### STORED DATA
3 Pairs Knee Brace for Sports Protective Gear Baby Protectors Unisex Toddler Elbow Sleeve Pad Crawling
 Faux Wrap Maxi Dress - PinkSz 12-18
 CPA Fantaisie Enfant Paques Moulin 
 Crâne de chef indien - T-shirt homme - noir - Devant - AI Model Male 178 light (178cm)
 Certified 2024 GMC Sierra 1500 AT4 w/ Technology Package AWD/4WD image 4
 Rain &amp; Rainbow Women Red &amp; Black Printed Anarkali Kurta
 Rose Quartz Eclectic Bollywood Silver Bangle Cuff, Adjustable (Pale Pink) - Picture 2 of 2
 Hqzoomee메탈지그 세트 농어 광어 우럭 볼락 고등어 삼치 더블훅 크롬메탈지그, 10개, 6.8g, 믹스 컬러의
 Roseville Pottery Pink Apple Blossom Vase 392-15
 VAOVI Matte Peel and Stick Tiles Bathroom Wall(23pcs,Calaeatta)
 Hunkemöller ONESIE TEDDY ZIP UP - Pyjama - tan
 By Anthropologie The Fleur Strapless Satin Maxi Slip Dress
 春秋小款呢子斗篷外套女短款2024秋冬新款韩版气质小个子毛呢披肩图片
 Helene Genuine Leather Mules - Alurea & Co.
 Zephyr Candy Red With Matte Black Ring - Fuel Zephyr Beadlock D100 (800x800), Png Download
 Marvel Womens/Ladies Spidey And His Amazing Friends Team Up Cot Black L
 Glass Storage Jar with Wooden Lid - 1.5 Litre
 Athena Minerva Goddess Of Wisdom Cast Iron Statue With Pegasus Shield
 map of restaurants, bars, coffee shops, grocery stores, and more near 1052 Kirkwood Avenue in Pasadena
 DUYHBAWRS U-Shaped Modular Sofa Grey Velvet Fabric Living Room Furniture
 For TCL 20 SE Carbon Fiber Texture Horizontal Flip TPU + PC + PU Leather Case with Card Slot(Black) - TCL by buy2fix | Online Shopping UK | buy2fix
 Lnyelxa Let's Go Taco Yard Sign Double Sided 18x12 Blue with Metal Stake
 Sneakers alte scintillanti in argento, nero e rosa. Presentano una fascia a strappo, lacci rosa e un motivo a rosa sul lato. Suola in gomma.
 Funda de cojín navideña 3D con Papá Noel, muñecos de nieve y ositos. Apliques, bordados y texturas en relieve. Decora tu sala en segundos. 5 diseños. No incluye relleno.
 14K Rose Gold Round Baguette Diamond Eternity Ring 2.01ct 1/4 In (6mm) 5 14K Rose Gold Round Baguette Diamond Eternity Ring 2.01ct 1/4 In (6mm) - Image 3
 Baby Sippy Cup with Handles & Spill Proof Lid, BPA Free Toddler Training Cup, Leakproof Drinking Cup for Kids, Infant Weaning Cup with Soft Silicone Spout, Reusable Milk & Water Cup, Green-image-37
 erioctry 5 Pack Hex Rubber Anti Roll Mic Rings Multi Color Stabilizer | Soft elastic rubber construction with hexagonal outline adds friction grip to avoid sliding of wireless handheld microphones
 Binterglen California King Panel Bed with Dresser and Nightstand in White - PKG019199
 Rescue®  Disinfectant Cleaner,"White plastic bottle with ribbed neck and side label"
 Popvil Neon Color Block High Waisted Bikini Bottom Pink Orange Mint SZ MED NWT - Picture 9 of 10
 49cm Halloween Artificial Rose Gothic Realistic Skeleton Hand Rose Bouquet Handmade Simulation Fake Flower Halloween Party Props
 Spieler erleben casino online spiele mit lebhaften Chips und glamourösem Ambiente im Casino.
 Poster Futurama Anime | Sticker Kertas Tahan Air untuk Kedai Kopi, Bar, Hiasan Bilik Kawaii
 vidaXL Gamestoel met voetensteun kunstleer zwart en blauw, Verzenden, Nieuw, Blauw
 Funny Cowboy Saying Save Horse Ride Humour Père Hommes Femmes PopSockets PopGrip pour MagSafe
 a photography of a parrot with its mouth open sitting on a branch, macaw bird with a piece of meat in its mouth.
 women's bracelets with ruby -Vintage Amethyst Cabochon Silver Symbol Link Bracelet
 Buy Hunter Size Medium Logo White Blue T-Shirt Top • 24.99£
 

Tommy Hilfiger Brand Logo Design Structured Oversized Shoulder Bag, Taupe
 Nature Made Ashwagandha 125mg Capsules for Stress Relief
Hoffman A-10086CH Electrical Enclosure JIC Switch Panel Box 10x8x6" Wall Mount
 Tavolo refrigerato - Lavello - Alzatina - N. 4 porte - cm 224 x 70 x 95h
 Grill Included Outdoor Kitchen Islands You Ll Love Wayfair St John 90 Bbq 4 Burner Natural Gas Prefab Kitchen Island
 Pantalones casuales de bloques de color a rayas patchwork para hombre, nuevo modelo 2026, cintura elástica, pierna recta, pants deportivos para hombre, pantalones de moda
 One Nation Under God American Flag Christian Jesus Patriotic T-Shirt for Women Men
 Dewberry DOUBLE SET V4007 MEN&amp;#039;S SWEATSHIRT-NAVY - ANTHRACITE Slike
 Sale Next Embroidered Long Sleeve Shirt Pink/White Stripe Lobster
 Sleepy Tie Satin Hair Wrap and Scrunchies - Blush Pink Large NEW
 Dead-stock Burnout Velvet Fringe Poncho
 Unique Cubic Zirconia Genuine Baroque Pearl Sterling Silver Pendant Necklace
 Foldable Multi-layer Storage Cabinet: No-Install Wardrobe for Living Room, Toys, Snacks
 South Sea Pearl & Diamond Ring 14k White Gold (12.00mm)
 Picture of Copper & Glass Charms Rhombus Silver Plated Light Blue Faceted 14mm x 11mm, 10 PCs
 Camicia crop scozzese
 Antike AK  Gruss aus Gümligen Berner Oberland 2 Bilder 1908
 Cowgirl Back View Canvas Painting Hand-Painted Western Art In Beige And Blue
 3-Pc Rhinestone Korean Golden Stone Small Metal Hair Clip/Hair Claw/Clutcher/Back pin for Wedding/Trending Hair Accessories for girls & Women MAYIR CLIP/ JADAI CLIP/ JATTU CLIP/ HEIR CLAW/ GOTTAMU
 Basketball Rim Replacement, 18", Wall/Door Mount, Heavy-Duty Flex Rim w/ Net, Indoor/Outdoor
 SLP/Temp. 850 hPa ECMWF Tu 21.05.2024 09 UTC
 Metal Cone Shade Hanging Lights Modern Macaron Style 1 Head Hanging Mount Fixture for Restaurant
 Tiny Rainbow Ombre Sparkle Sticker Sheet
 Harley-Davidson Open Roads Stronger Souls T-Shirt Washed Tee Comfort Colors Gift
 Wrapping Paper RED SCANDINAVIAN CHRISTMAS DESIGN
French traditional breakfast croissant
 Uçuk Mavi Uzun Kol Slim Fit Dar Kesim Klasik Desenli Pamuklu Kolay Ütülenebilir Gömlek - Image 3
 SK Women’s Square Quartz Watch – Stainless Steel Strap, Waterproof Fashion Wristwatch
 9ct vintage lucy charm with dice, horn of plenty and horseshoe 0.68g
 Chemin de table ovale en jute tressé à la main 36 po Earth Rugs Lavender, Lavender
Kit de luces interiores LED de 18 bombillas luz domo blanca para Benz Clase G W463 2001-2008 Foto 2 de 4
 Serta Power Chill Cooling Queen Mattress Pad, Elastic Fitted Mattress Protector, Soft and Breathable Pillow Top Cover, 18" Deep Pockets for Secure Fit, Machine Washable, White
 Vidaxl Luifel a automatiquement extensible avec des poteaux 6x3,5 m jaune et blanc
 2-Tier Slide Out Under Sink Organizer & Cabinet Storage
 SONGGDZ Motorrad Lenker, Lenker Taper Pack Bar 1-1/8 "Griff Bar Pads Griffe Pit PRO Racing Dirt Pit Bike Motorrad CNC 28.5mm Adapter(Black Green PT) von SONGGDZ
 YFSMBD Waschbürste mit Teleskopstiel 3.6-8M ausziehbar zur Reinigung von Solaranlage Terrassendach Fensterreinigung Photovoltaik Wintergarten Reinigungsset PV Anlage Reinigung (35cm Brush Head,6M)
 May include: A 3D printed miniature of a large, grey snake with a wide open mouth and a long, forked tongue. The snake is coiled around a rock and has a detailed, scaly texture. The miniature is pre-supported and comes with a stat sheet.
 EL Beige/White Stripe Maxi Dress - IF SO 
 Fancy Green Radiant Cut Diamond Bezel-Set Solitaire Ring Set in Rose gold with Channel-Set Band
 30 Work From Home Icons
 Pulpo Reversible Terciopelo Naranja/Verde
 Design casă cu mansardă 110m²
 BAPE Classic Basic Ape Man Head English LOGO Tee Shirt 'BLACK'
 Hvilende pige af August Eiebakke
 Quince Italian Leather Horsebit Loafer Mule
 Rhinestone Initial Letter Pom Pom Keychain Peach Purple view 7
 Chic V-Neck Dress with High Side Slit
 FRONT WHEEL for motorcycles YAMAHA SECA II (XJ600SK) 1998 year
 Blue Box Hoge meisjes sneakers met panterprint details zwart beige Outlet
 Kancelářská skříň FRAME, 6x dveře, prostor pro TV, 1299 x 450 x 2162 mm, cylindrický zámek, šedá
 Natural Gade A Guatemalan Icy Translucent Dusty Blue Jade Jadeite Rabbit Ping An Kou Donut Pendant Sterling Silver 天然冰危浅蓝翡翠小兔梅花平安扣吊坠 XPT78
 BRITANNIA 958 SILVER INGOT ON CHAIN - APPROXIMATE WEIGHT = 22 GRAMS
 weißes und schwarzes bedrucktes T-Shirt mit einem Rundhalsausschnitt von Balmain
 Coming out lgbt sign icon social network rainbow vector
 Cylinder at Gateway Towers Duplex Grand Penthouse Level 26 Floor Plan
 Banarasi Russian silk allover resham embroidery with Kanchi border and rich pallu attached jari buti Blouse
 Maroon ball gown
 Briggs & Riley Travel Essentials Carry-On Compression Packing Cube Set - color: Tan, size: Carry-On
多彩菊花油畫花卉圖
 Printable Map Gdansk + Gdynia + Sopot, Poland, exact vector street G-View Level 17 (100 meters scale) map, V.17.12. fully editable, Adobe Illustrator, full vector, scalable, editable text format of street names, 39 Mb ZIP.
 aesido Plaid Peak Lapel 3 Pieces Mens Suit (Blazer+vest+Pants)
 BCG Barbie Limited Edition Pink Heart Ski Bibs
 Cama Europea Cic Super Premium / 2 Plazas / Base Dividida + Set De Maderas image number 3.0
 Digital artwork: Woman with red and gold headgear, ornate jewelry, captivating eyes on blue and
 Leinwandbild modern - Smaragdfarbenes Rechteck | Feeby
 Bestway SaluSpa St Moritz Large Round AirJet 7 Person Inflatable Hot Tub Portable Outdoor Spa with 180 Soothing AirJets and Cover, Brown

### DIRECTIONS FOR THIS TASK
Could you restate, word for word, the lines above from the one with "May include: A" to the one with "30 Work From Home Icons", both included?

### RESPONSE TO THE EXERCISE
 May include: A 3D printed miniature of a large, grey snake with a wide open mouth and a long, forked tongue. The snake is coiled around a rock and has a detailed, scaly texture. The miniature is pre-supported and comes with a stat sheet.
 EL Beige/White Stripe Maxi Dress - IF SO 
 Fancy Green Radiant Cut Diamond Bezel-Set Solitaire Ring Set in Rose gold with Channel-Set Band
 30 Work From Home Icons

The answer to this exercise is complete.